Jose Enrique Manresa and his daughter Arianne were hoping finally to reach the US this week after a 48-day journey from their home in Cuba through South and Central America.
"We've lost everything." says Mr Manresa. "We risked everything on our journey and if we don't have the right to live in the US after all that, then there's no hope for us."
For 20 years Cubans have benefited from a policy introduced in the US by presidential decree which gave them the right to enter the country without a visa and remain for one year in order to apply for legal residence.
Since the rapprochement between Washington and Havana began in 2015, Cubans have been bracing themselves for the policy to be cancelled and the past two years have seen a sharp rise in the numbers of people seeking to move to the US while they still can.
But no-one was anticipating this week's sudden announcement.
Mr Manresa and his daughter were in a shelter in Tapachula, south-east Mexico, when they heard the news.
"We are so sad," said Mr Manresa, one of 20 Cubans living in the shelter.
"We are all calling our families in Cuba, we are desperate. I had to sell everything."
Mr Manresa's story is typical for his generation.
He has a degree in finance and economics and has worked for the Cuban state since the age of 22.
After 25 years, his salary as a manager overseeing five shops for a soft drinks company was the equivalent of just $20 (£16.40) a month.

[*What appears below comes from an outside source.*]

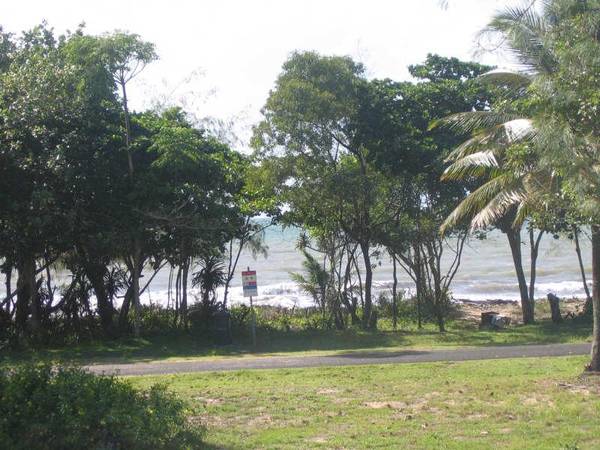 Fantastic Family Home or Investment Picture 2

Seeing no prospect of life improving he decided to take his chances and try to make it to the US to start a new life with his daughter.

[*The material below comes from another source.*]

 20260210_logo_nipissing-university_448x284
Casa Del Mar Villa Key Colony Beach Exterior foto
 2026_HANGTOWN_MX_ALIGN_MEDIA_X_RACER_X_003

It was a long, risky and expensive journey.
"I sold everything: my house, my appliances," he explains. "I got into a lot of debt as well to gather the $10,000 I needed to pay for the journey."
Mr Manresa's first destination was British Guyana where he paid the bulk of his money to traffickers who then took him on a complicated journey via Brazil, Venezuela, Colombia, Panama, Costa Rica, Nicaragua and Guatemala before finally reaching Mexico.

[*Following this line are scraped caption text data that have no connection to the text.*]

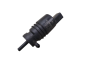 Pompe De Lave-Glace 2218690121 3028232 Mercedes-Benz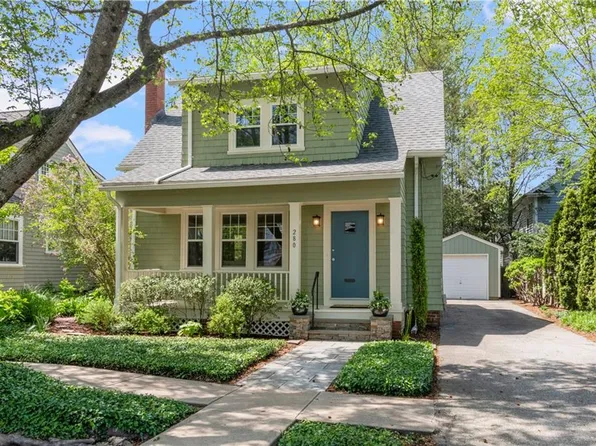 280 Cole Ave, Providence, RI 02906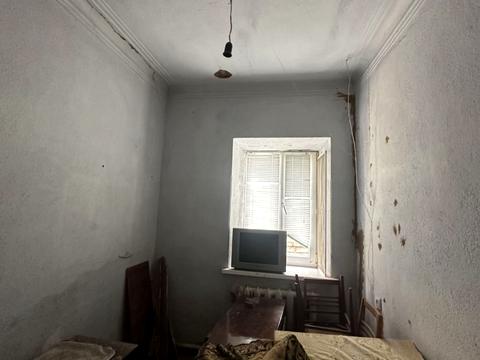 дом по адресу Виноградна ул.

At the start of their journey he and his daughter were part of a group of 150 Cubans, but by the time they finally made it to the Mexican border there were just 20 people left.
Some had been detained by local police and others got lost along the way.
For many Cubans, the journey to the US now takes months, rather than the few weeks most anticipate.
Recently many South and Central American countries have implemented tighter rules for crossing their borders in order to deal with growing numbers of Cubans trying to make it to the US before the door finally closes.
Statistics from the US Customs and Border Protection Office showed that more than 45,000 Cubans entered the US in 2016, up from 25,000 in 2014.
Cubans in the United States
- There were more than two million people of Cuban ancestry living in the United States in 2013, about 68% of whom lived in Florida
- The number of Cubans entering the US has increased significantly since President Obama began his rapprochement with the island's government. In the 2014 fiscal year, 24,278 Cubans arrived in the US. Nearly double that number - 43,159 - arrived in 2015, and more than that arrived last year
- Public opinion polls suggest that recent arrivals and Cuban-Americans born in the US are more supportive of warming US-Cuba relations than those who arrived before 1980
Sources: Pew Research Center; Cuban Research Institute
Most of these people are coming in through Mexico.
When Jose Enrique Manresa arrived in southern Mexico at the start of the week he discovered there were already 600 Cubans in the queue ahead of him waiting for an immigration permit to enter the US.
News that he may have arrived just too late has plunged him into despair.
"Obama, because he's leaving, suddenly takes the idea of repealing a law that has been going on for many years and has favoured many Cubans," he told the BBC.
Some Cuban migrants now even wonder if the decision could be "a reprisal" because so many Cuban Americans voted for Donald Trump, he added.
Mr Manresa and his daughter are now facing possible deportation to a detention centre in Cuba, and say all they have left is "a change of clothes and a pair of shoes".
"We do not know anything," he says. "We do not know what we are going to do."